また「大分の深義」の「大分」とは、本抄の後に説かれている「蓮の体」に関する叙述のなかの「四には大分真如の体謂く不変・随縁の二種の真如を並びに証分の真如と名く」と述べられているのがそれである。

すなわち、真如は迹門・不変真如と本門・随縁真如の二つに分けられるが、このように分別した真理を不変・随縁の二相を包摂している真理を「大分真如」というのである。

したがって「大分真如」の深義は不可思議の妙法そのものをさしており、このゆえに「蓮」と名づけるというのである。

 

座主の伝に云く玄師の正決を尋ねるに十九円満を以て蓮と名く所謂当体円満を加う

 

座主の伝として一つの文が引用されているところである。この座主は日本天台宗の座主をさしていると思われるが、具体的にだれをいうのか不明である。「玄師の正決」とある「玄師」とは中国天台宗の第五代座主・左渓玄朗のことと考えられる。「正決」とは正しい判決のことで、中国天台宗の玄朗座主の正しい判断によれば、という意味である。

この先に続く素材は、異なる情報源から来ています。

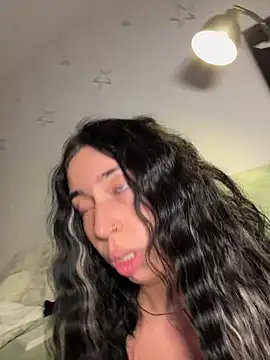 Онлайн чат XXX KimArts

すなわち、伝教大師が中国天台の道邃和尚から伝えられた法門は十八円満であるが、同じ中国天台の行満和尚から左渓玄朗へと伝えられた「正決」によると、十八円満に当体円満を加えて十九円満となっているという。

 

当体円満とは当体の蓮華なり謂く諸法自性清浄にして染濁を離るるを本より蓮と名く

 

十九円満の場合の当体円満というのは、当体の蓮華のことであり、当体の蓮華とは、一切衆生の当体が妙法蓮華経であることをいい、譬喩の蓮華に対する言葉である。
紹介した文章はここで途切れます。